External validation error on a single database with multiple cohort ids as subgroup evaluations.

nbehzad commented 1 year ago

Describe the bug This may not be considered a bug because this type of functionality may not be anticipated during the design of this function.

A single model can be validated on multiple databases using the externalValidationDbPlp function. However, when I want to validate a single model using multiple validationDatabaseDetails with the same database names but different target ids (demonstrating particular subsets of the target cohort), their results are overwritten. This is because the result of external validation is defined solely by the database name and analysis id. This may be fixed by including the target id in the database name when saving the results.

jreps commented 1 year ago

I think, currently the validation loads every model and then saves the results to the Validation/data/developmentModelAnalysisName folder. The assumption was external validation uses the same settings as the development data, but in the recent PLP this was made more flexible.
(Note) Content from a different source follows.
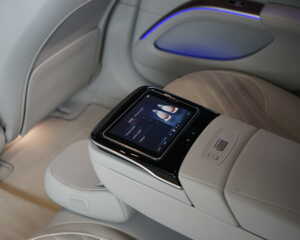 Mercedes-Benz EQS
But, as you point out, the saving was not made flexible.

When PLP was originally written, it used the folder names for the shiny app so link the model development and validation, but now it is more advanced and compares the modelDesigns and other settings to know whether development and validation results are linked. This is a long way of saying, we no longer care about the result folder name, so we are not restricted to using the developmentModelAnalysisNames.

So, I think a solution could be:

add a runInfo.csv into each Validation/database folder that contains the columns: 'resultId', 'modelLocation', 'validationTargetId', 'validationOutcomeId', 'validationRestrictDataSetting', 'validationTARsetting'
save each result as 'Analysis_resultId' or 'Result_resultId' inside Validation/database

Then when somebody runs a validation, if the runInfo.csv exists, a new row will be added (with +1 to the resultId) with the validation settings otherwise runInfo.csv will be created with a new row. This will track everything that is validated. The results will be saved with in a folder named either 'Analysis_resultId' or 'Result_resultId' .
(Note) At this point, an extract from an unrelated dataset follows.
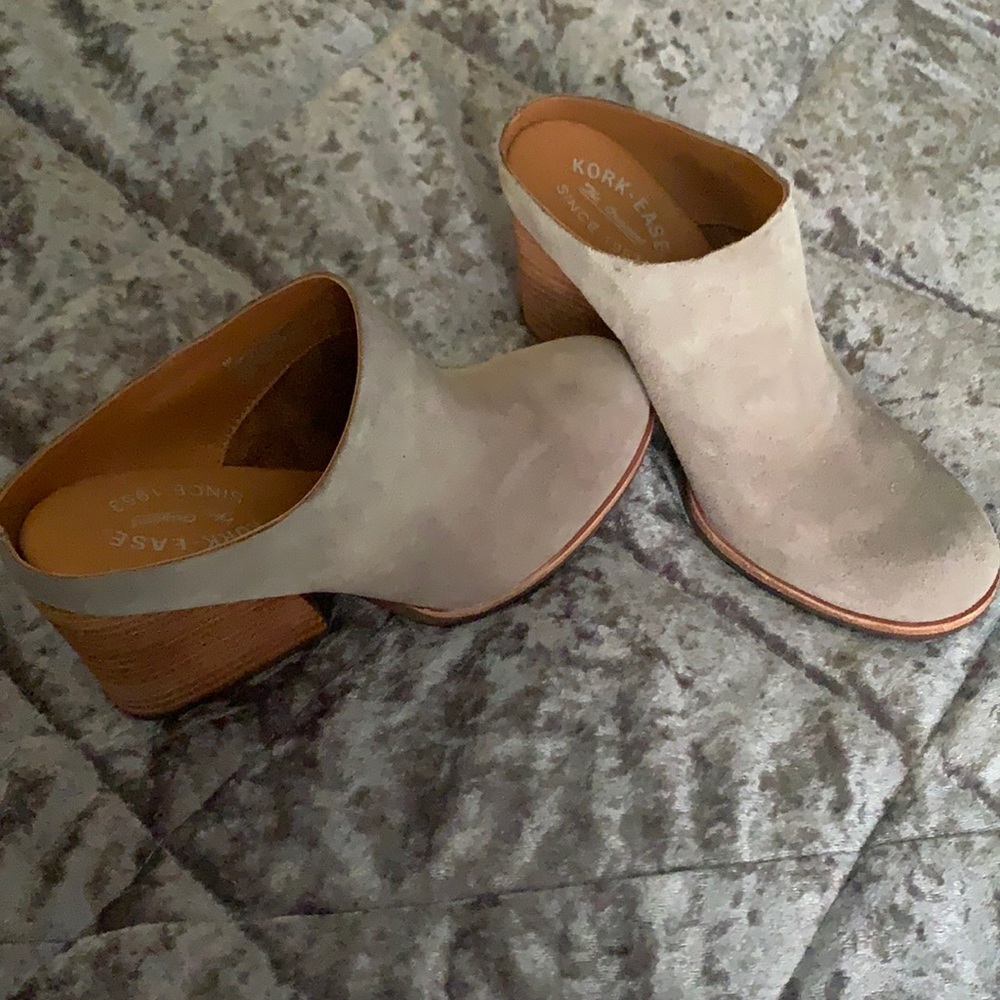 Distressed Suede wedge mules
This will let people validate multiple times in the same database, but perhaps that is good as the database version may change.
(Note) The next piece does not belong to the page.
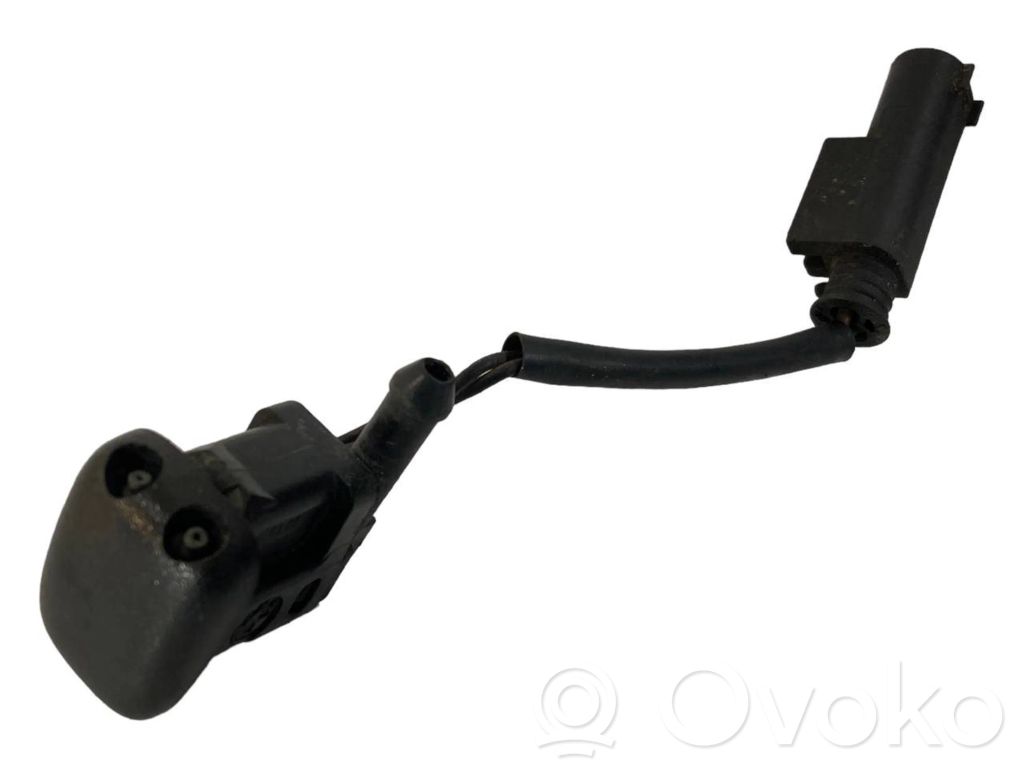 Mazgāšanas šķidruma smidzinātājs (-i) priekšējam logam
We could also not separate the databases and just add the database to an additional column in runInfo.csv, then everything can be in /Validation.

What do you think?

nbehzad commented 1 year ago

Your solution is excellent, but it will necessitate a major change in this function and may bring new problems for the rest, such as displaying results in the Shiny app. Dividing the validation results within each database folder complicates things because each database folder will have a separate result folder for each model (analyze_id in the plpModel). For three models, we will have three folders: Analysis_1, Analysis_2, and Analysis_3 in each database directory.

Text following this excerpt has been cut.